Do we need live reload feature in bunders? Couldn’t we just use this extension for Visual Studio Code or simular features and extensions in other IDEs which will execute a custom command of your choice when you save a file with a certain file extension in your IDE?
https://marketplace.visualstudio.com/items?itemName=emeraldwalk.RunOnSave
This extensions allows you to customize the commands to execute in saving a file in your global VSCode settings and in the VSCode workspace settings .vscode/settings.json
, allowing others to use the same configuration in group projects.
Lightning CSS does not have a live reload feature and the live reload feature in Rollup cannot handle watching many files, however using this extension in VSCode, will not watch files but run the npm run dev:css
or npm run dev:js
command when saving a css or js file without watching for files to change.
One downside I see with this is when working on a project with others who are using different IDEs that do not support this feature. Besides that, is there any downsides to this approach?
The scale of things. Large projects take longer to compile and bundle because they’re made out of thousands of files and hundreds of thousands of lines of code.
Yeah, your hello program will go just as fast without a bundler, or a simple bundler. It’s when you go big, and use tons of libraries and stuff that it slows down and the advantages become clearer.
That’s especially true when using big libraries like React and dozens of plugins for it, frameworks like Next.js, SASS for CSS or CSS in JS, all the JSX, all the TypeScript. It adds up especially if Babel is also involved to transpile for older browser support.

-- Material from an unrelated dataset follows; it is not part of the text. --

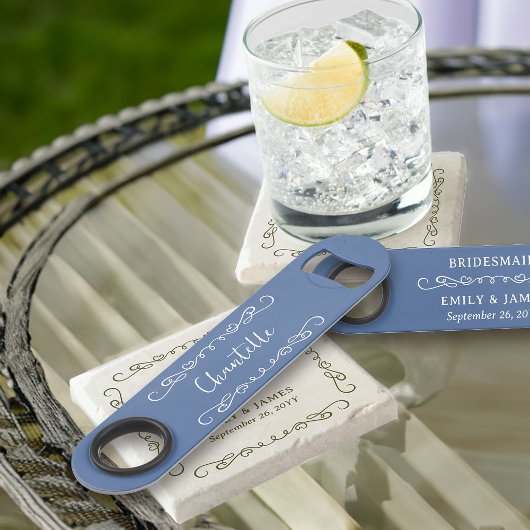 ドードルお洒落ハート縁ど任意の色の花嫁のメイド スピード栓抜き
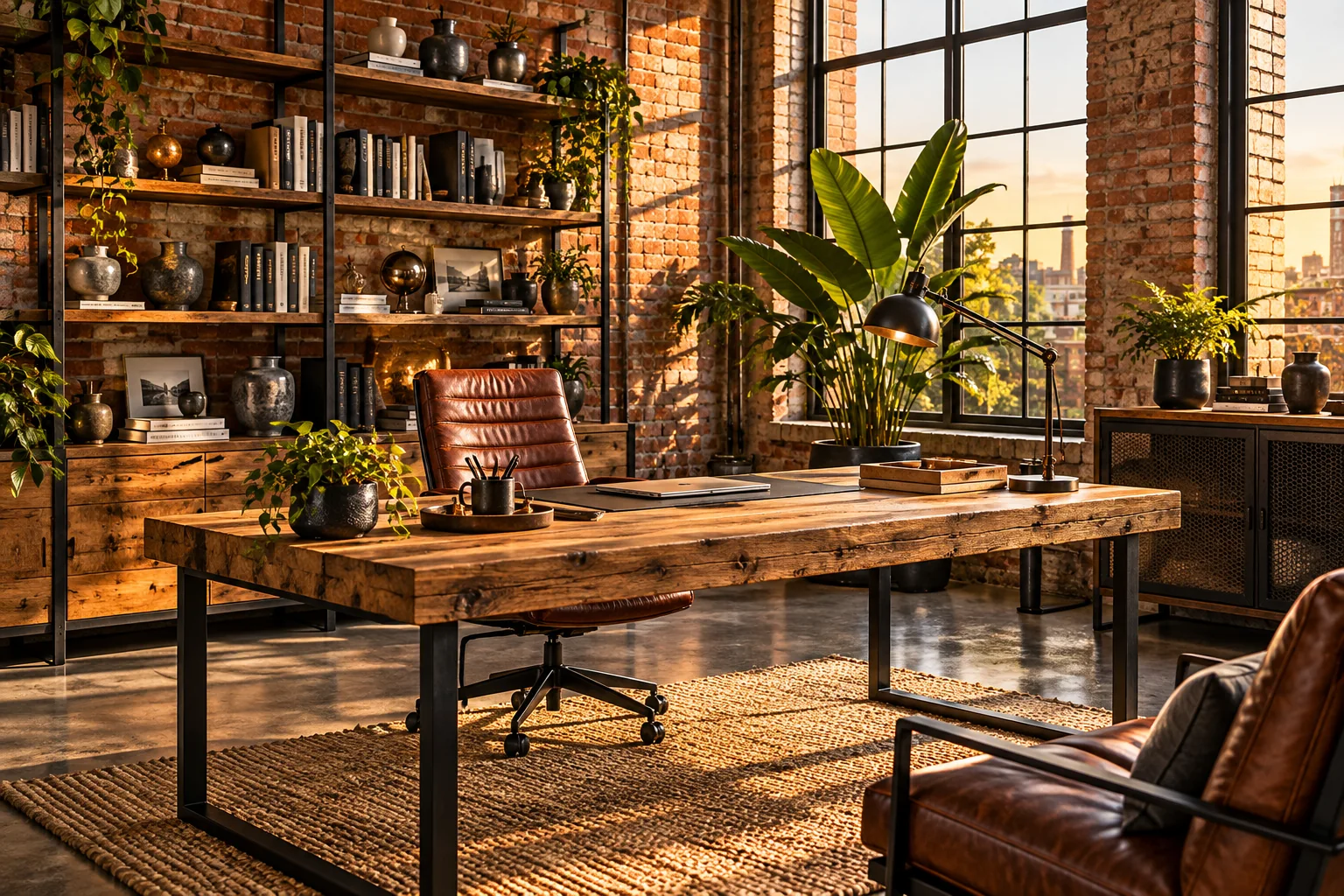 Arbeitsbereich im Industrial Style mit Holz, Metall und warmem Licht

5 minutes is a bit of an extreme use case, but the point is after the first build, live reload would still refresh your code at the same speed. So working on one page you don’t need to constantly rebuild the other hundreds of them, just the one you changed. If you target mobile platforms with Cordova or React Native then you also add a whole Android/iOS build + install + restart of the app. The same live reload would work even in that context, making the speed advantage even more apparent.
These things are designed for large enterprise projects, not for your small helloworld sized hobbyist programs.